**Exercise directions**:
Among the records, find the lines that hold the string "Palm" and return them.

----- Given entries

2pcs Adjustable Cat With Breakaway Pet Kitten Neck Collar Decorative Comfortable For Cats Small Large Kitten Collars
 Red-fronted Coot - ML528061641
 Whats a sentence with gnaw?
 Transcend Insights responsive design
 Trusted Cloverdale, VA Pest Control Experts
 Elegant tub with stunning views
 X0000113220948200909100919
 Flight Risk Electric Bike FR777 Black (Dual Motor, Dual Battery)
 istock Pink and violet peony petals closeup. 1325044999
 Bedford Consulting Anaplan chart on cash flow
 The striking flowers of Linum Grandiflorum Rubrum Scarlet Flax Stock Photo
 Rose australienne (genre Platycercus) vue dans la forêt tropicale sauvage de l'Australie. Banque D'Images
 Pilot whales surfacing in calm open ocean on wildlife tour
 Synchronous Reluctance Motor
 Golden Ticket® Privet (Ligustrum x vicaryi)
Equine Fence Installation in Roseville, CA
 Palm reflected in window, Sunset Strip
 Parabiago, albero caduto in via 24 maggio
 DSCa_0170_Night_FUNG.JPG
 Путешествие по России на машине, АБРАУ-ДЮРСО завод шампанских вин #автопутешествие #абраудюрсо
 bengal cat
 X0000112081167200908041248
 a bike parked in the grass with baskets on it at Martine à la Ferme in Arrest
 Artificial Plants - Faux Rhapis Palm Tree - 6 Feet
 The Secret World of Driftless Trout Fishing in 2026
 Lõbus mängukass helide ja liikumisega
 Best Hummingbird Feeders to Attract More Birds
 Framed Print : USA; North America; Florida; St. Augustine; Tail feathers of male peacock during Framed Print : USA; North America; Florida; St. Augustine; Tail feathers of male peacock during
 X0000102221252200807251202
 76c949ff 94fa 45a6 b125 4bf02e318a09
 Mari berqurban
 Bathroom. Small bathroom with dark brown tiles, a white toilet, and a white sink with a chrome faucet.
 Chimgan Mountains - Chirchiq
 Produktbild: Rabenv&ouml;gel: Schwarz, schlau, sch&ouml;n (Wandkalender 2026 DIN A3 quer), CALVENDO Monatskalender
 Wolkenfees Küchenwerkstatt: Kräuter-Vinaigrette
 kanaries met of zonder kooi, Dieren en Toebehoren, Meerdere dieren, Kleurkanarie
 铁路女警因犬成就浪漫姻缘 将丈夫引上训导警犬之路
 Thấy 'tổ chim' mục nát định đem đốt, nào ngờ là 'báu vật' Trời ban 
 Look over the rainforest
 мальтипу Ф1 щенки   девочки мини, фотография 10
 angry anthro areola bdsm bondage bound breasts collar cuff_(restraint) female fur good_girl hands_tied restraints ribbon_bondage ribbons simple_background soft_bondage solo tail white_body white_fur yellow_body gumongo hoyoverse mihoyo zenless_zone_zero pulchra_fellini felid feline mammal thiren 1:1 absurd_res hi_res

----------

**Result of this exercise**:
 Palm reflected in window, Sunset Strip
 Artificial Plants - Faux Rhapis Palm Tree - 6 Feet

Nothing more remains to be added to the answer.